Condensation on air ducts can be a serious problem. Over time, condensation dripping from your ductwork onto attic insulation can cause it to compress, which lowers its R-value. It can also feed mold growth, and cause ceiling joists to rot and sheetrock to disintegrate, leading to unhealthy air quality in your home, and the need for costly structural repairs.
Condensation on ductwork, also known as “sweating ducts”, can be a problem in all areas of the country, but it’s an especially common problem for homeowners here in the Dallas / Fort Worth area.
Why Does Condensation Form on Ductwork?
Condensation forms when warm, moist air comes into contact with cool surfaces. During periods of high humidity and high temperatures, the conditions are ideal for condensation to form on improperly insulated ductwork in your home’s attic. Here in the DFW area, most HVAC ductwork is run through the attic, and improperly ventilated attic spaces are especially prone to this problem. Fortunately, the solution is fairly easy and inexpensive.
Improperly Insulated or Sealed Ductwork
Insulation keeps the warm, humid air in your attic from coming into direct contact with the cooler surfaces of your ductwork.
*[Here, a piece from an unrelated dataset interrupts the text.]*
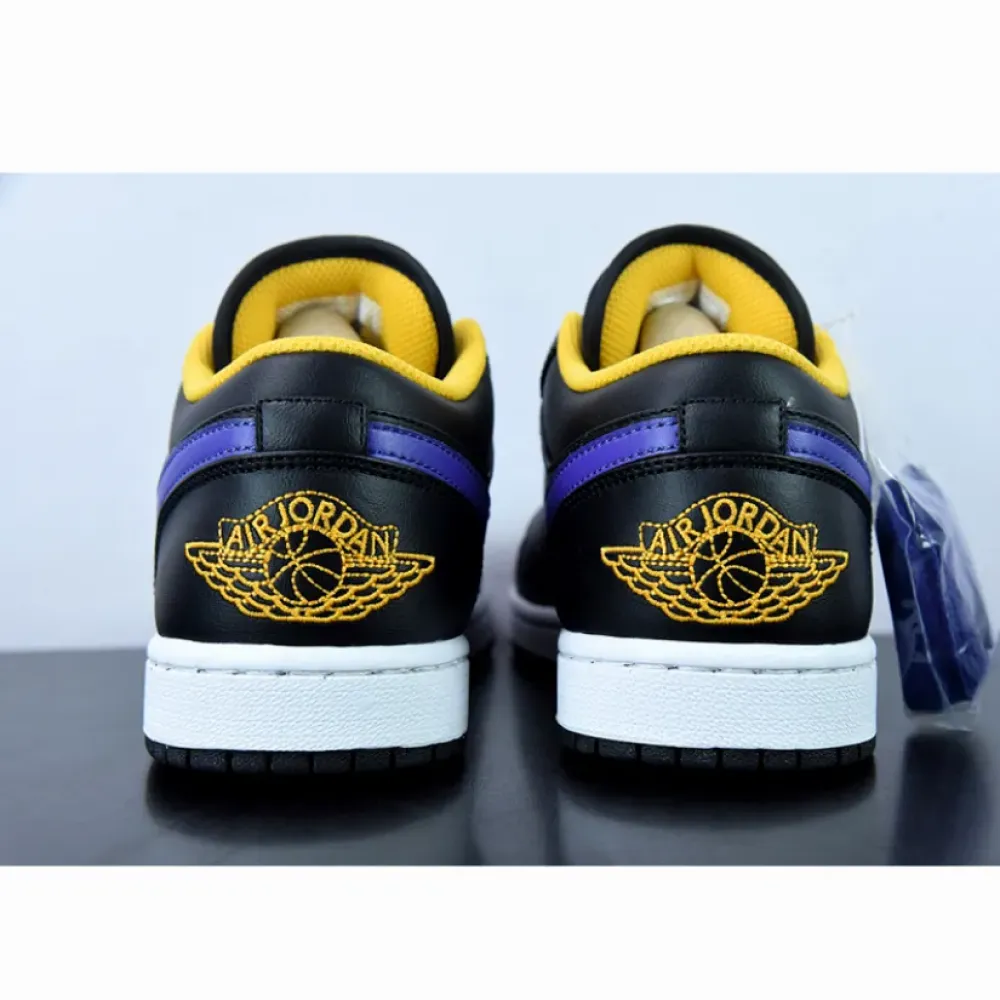 Air Jordan 1 Low Black/Dark Concord-Taxi  553558-075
Fiberglass duct insulation comes in four basic types: duct liners, duct boards, flexible ducts, and duct wraps. Duct liners are applied to the interior of the sheet metal ducts. Duct wraps are essentially fiberglass blankets. As the name implies, these are wrapped around the exterior of the ducts. Duct boards are used to construct a rigid, angular enclosure around the ducts. Flexible ducts are made up of a reinforced inner core, enclosed in fiberglass insulation and a vapor-retardant plastic or foil film outer layer.
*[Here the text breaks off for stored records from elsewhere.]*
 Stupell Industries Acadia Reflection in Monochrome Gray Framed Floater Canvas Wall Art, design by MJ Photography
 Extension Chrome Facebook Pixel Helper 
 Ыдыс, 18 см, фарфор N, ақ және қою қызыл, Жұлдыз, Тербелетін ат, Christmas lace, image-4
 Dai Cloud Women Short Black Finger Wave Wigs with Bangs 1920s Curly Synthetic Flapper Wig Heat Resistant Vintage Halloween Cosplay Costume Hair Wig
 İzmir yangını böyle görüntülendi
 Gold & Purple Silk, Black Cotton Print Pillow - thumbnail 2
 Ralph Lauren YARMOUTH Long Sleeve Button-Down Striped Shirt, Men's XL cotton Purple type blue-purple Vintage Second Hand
Regardless of the type of insulation used, your ductwork should be completely enclosed and the joints should be properly sealed to prevent heat exchange with the outside air. High-temperature tape or caulk should be used to seal the joints between sections of ductwork. Contrary to what most people understandably think, the so-called “duct tapes” sold at your local hardware store aren’t recommended as they tend to become brittle over time.
Improper Ventilation Around the Ductwork
Once you’ve ensured that your ductwork is properly insulated and sealed, you should check for proper ventilation. Having adequate airflow will help reduce the humidity, and prevent condensation from forming on your ductwork.
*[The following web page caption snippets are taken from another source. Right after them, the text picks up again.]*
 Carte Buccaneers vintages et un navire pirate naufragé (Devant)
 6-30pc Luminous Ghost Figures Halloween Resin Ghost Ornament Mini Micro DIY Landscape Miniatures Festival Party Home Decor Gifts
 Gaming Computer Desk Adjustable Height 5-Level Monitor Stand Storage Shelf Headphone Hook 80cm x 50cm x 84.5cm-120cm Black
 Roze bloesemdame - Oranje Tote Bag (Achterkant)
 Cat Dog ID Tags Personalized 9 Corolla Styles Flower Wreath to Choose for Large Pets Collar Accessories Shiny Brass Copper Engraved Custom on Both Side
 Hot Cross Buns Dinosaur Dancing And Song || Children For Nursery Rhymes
Here in the Dallas / Fort Worth area, most homes are equipped with passive attic ventilation which includes ridge vents, soffit vents, gable vents. Most are also equipped with non-motorized roof-mounted turbines.
If these types of vents prove insufficient to prevent condensation from forming on your ductwork, you might want to consider adding a roof- or gable-mounted fan to increase the airflow. These devices are available at most home improvement centers and are available in a variety of configurations. Although more expensive to purchase than conventional electrical fans, solar-powered fans won’t increase your monthly utility bills and are therefore a better bargain over the long run.